Task
Output exactly, and only, the stretch of lines beginning at the line with "To explain how" and ending at the last line of the listing below. Drop the pictures.
(Given records begins)
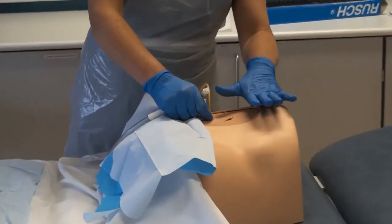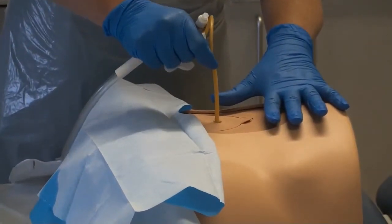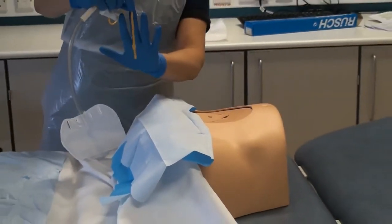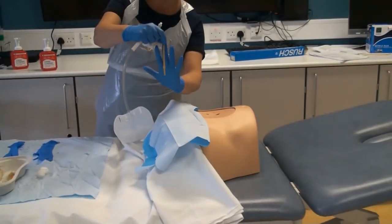Prepare to remove the catheter by placing the fingers of your gloved hand on either side of the catheter, as close to the suprapubic site as possible. Grip the catheter and gently remove the old catheter in an upward direction with a slight rotation. Judge the length of the catheter removed and the angle for reinsertion.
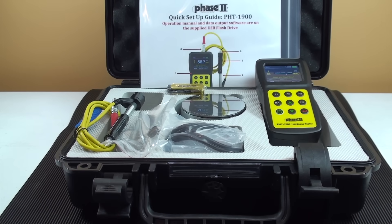The technology incorporated is based on the Lieb system of hardness. A carbide ball is spring loaded and impacts the workpiece with a given force. The rebound velocity is then measured and converted to a hardness value in Lieb, which can then be converted automatically and be read in any number of scales, which is selectable prior to testing.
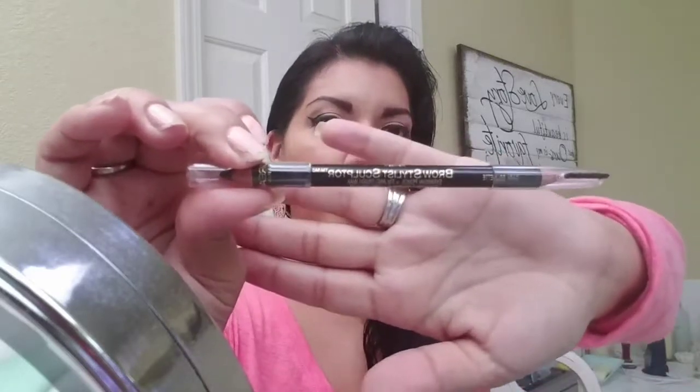Hey guys, welcome to my channel. Sorry I haven't done a video in a while, but today I decided to do a quick review on the Brow Stylist Sculpture by L'Oreal.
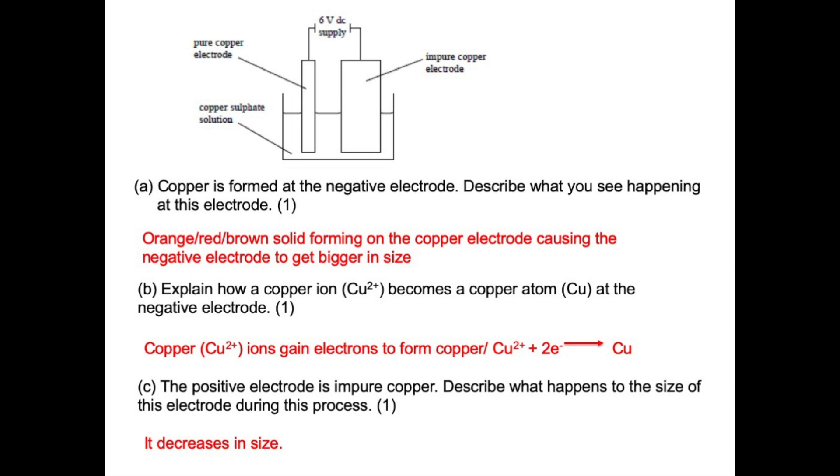To explain how Cu²⁺ ions become copper atoms at the negative electrode, you need to say that they gain electrons to form copper. Writing the electrode equation Cu²⁺ + 2e⁻ → Cu also earns one mark, as it shows the copper 2+ ions gaining electrons. For the last part, the size of the positive electrode decreases during this process.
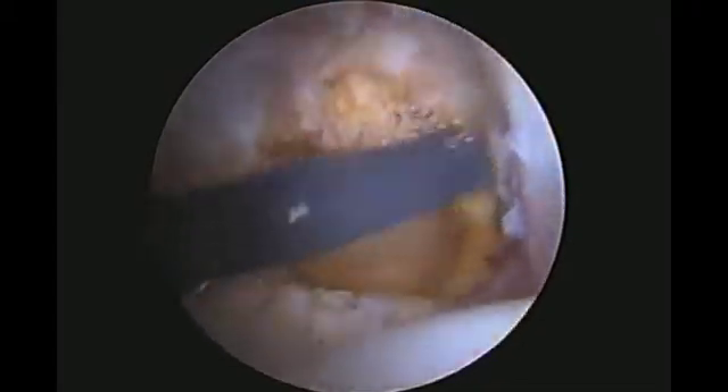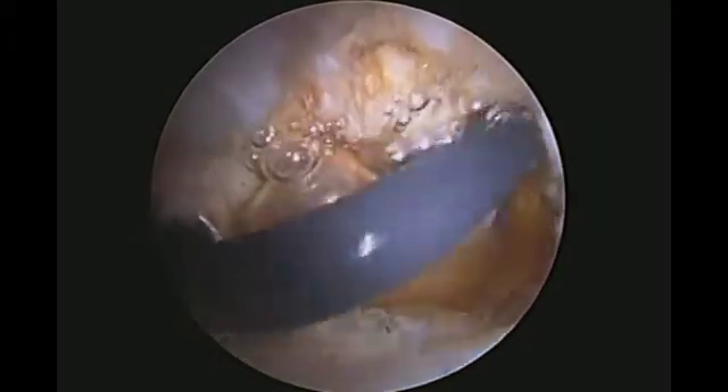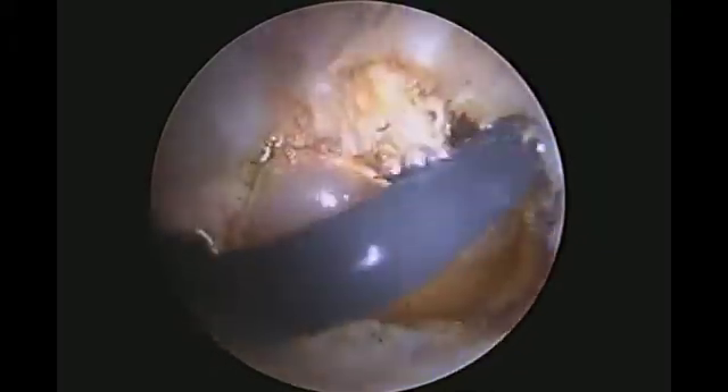The peripheral side of the labrum is released of capsular adhesions. This aids in maneuverability as well as mobilization of the labrum.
(Given records ends)
Answer
To explain how Cu²⁺ ions become copper atoms at the negative electrode, you need to say that they gain electrons to form copper. Writing the electrode equation Cu²⁺ + 2e⁻ → Cu also earns one mark, as it shows the copper 2+ ions gaining electrons. For the last part, the size of the positive electrode decreases during this process.
The peripheral side of the labrum is released of capsular adhesions. This aids in maneuverability as well as mobilization of the labrum.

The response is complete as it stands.